Back from Up North, almost over the cold I always seem to get whenever I visit family, either one, no matter the time of year.

Torch Lake was beautiful, despite the infernal whine of the two "personal watercraft" moored (all too infrequently) at the pier of the house next door. Goddamm aquatic leaf-blowers.

We stayed at the home of an acquaintance of my mother's, a modest and comfortable house on the water. The kids ran around and made kid noises, I had fun cooking despite the dreadfully 1970s equipped kitchen (is there another kitchen in America without a single wooden spoon?).

The modesty of the house made me ruminate on the diminishing prospect of meaningful middle-class leisure. Such homes are no longer being built anywhere near water, as evidenced by the $1.5 million homes being constructed down the road...on spec. The fact is that people of modest means no longer can afford a second home, let alone somewhere as beautiful as this corner of the world. Increasing population and finite land resources are one reason, certainly, but more suspect I think, is the decline in prosperity for the middle class, coupled with the concentration of development exclusively for the upper brackets. This same phenomenon is replayed all the way down the Carolina coastline, as charming and unassuming cottages are bulldozed for the five story condo monstrosities that are the sole province of the new Republican haute bourgeoisie.
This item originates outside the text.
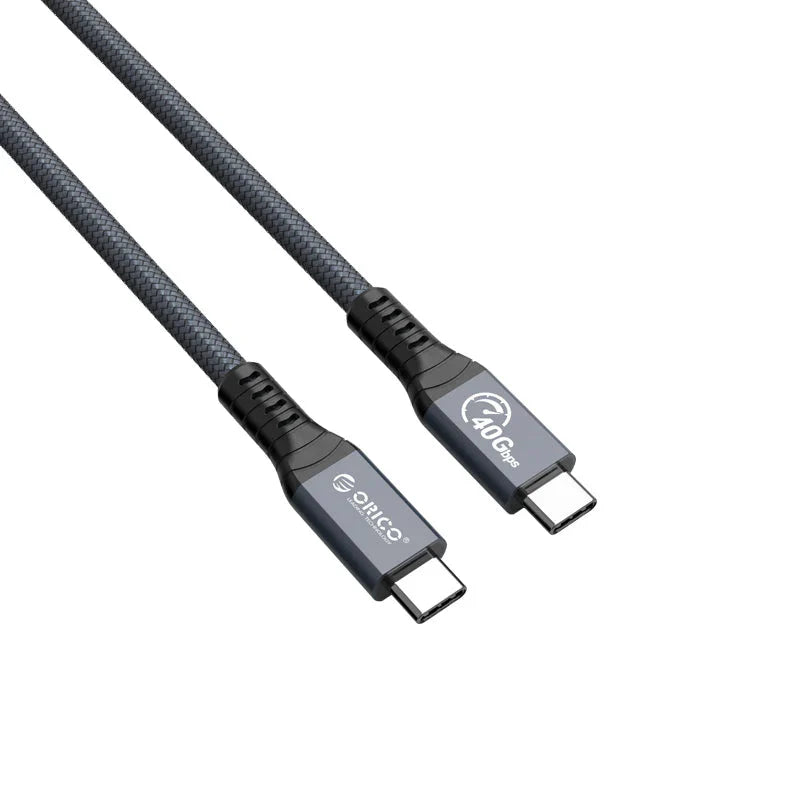 ORICO Thunderbolt 4 Data Cable - 2 Meter / Type-C - Gray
At least there is still some public land for a little while longer, until Bush gets us good and greased up for his vision of an "ownership society". I won't go into a rant about conservatives' baroque ontology of property rights just here. Suffice it to say that our public places, especially those as beautiful as the Sleeping Bear Sand Dunes National Lakeshore where we spent a perfect day, are criminally underfunded and no doubt being salivated over by developers who are banking on a happy confluence of privatization and budget deficits to deliver onto their forks the last morsels of the commonwealth.

1 Comments:

Blogger gg said...

Amen, I grew up in that area. My grandmother had a home on Clam Lake until she passed away a few years ago. As the years went on fewer and fewer of her neighbors were part of her community.